What do we love without measure.

We know. . . .

Hail to the nation.

Do you think we believe it.

It is that or bust.

We cannot bust.

Thank you.

Thank you so much.

--A Patriotic Leading by Gertrude Stein.

The chorus of U.S. business leaders last week sounded rather like these Gertrude Steinfuls. They flitted portentously around a subject of great import--a national bust. But they too never got down to brass tacks.

Said Commerce Secretary W. Averell Harriman: "I feel strongly that fears [of a depression] are based on unreasoning defeatism [although] naturally there must be periods of adjustment."
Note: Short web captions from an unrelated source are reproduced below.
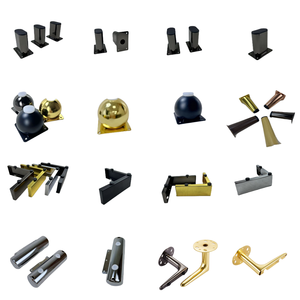 Nhà Máy Giá Ống Vành Đai Vít Đồ Nội Thất Chân Vàng Sắt Kim Loại Sofa Chân Đen Vòng Ống Tủ Chân Đồ Nội Thất Cơ Sở Cho Các Trường Học - Product Image 4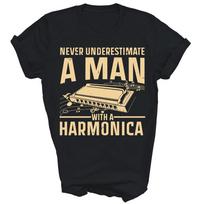 Šaunus armonikos grotuvas Instrumentas Unisex marškinėliai Dovana 4XL beige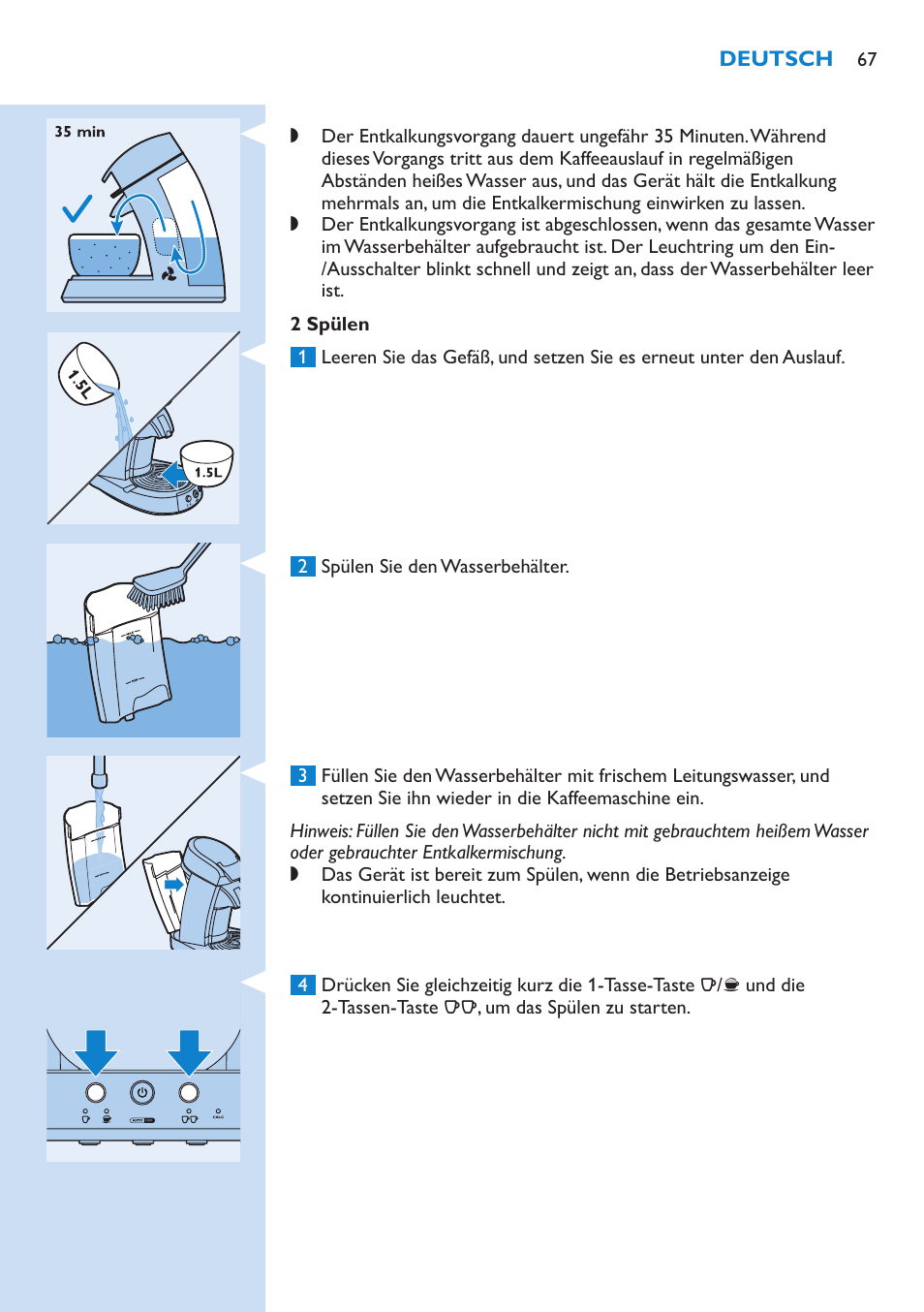 Philips SENSEO® Kaffeepadmaschine User Manual | Page 67 / 162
Said Civilian Production Administrator John D. Small: "We are doing all right today; if we continue doing as well, why should there be a recession? Even if it comes, I don't think it will amount to much."

Said Eric Johnston: "There will probably be [a recession], and no doubt it will come some time next year, but the downward adjustments of prices will be mild, and not sufficient to cause serious disturbances."
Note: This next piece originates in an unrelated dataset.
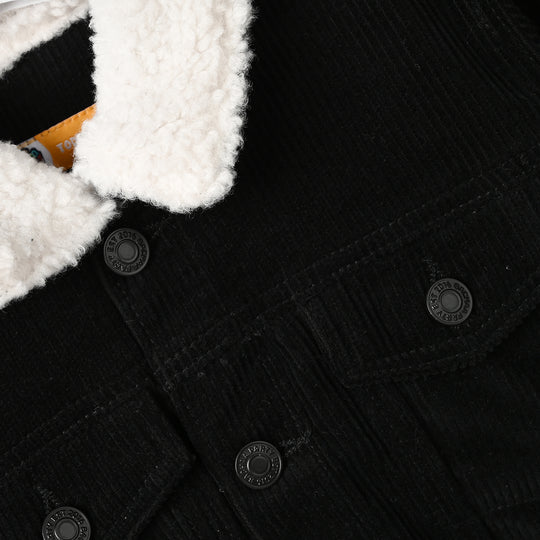 Boys Corduroy Jacket Black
From the Frying Pan. If he was confused by such talk, the average businessman could hardly hope to get his bearings from the actual facts. After a drop to new lows for the year, the stock market last week sharply reversed itself. Stocks shot up 2 to 7 points in one of the biggest one-day rallies in years. Cotton too had steadied (see below). And U.S. Steel's third-quarter profits proved to be even greater than the great expectations. Its whopping $33,329,353 topped all other third-quarter earnings since 1941.

Nevertheless, with the biggest Christmas shopping spree in history apparently under way, Macy's President Jack I. Straus soberly told stockholders: "We are conscious of the inherent dangers [in future commitments] and are taking appropriate steps to follow a conservative course." In short, business was so good it might easily become bad.

Just what was the trouble?

The trouble was partly a confusion of words. Everyone talked about "depression," "recession," and the new favorites, "readjustment" and "shake-out," as if they all meant the same thing. They did not.*

Few who used "depression" meant a depression like the one in the '30s. What they all did mean was simply that the U.S. economy, which had been controlled for so long, must undergo certain violent wrenchings as it was freed. Meat was typical. When decontrolled, roasts and steaks doubled and tripled in price to $1.20, and up, a pound. But when consumers refused to buy, prices came down. By last week, prime roast beef was down in the 55-10-65-c- range--and still falling. The demand for meat simply had not been as great, at high prices, as butchers thought.

Into What? And the overall U.S. demand, enormous though it is, is not as great as it has seemed. Reason: some $1 billion of all goods being produced each month were not going to the consumer. They had been used to fill up pipelines, had built up inventories by some $7 billion in the last year (roughly one-twelfth of the best prewar year's U.S. production). By last week, many an inventory was so full that goods were coming out of the retailers' end of the pipeline faster than they were put in the production end. Even if U.S. production did not increase much above its present high levels, consumers would still get more goods.

Would consumers continue to buy up all of the enormous production at present, or even higher prices? Many businessmen thought not, because consumers' inventories had also been filling up. And when buying slackened, prices of many items would drop. Some worried companies would retrench. But few seers expected the retrenchment to 1) be deep or 2) last very long. The U.S. economy, now rolling along at twice the best prewar rate, could stand some slowing down without any permanent harm.

*Actually, "readjustment," "shake-out," "recession," and "depression" euphemistically express comparative degrees, in mild-bad-worse-worst order, of an economic decline.